Nas and Hit clearly have a lot of fun putting these projects together—otherwise, why make five of them in three years?—but the punchlines and flexes are hit-or-miss, and it doesn’t help that Hit’s beats lose all of their luster once they default back into his dead-eyed retro-traditionalism. Ironically, Nas’ jokes and boasts land better when mixed in with his trademark eye for storytelling. Take the second verse of “What This All Really Means,” which converts his frustration about his double album I Am…The Autobiography leaking into fuel to keep making music on his own terms well into old age; or how, on “Earvin Magic Johnson,” he looks back on memories of fights at McDonald’s in Manhattan and playing stages in Australia with the same reverent eyes. He’s getting better at balancing aged reflections without trying too hard for the kids.

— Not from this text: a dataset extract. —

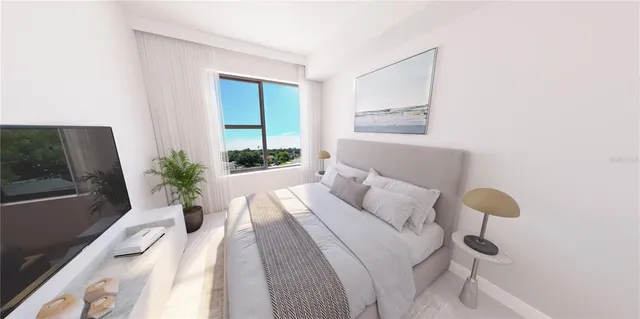 a bedroom with a bed potted plant and a window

It’s difficult to get too worked up about these Nas and Hit-Boy projects because, at their core, it’s miraculous they even exist at all. Nas is flying high on a career third wind (or fourth, depending on who you ask) and having a ball just kicking rhymes and experimenting with flows and styles with a producer who’s on the same wavelength as him. But at the same time, Magic 2, just like the four projects that came before it, isn’t grand, sharp, or thoughtful enough to warrant the several adoring re-evaluations of Nas’ GOAT status it’s spawned. It’s the textbook definition of a low-stakes mid-career rap album, a place for one of the genre’s icons to show he’s still in decent fighting shape.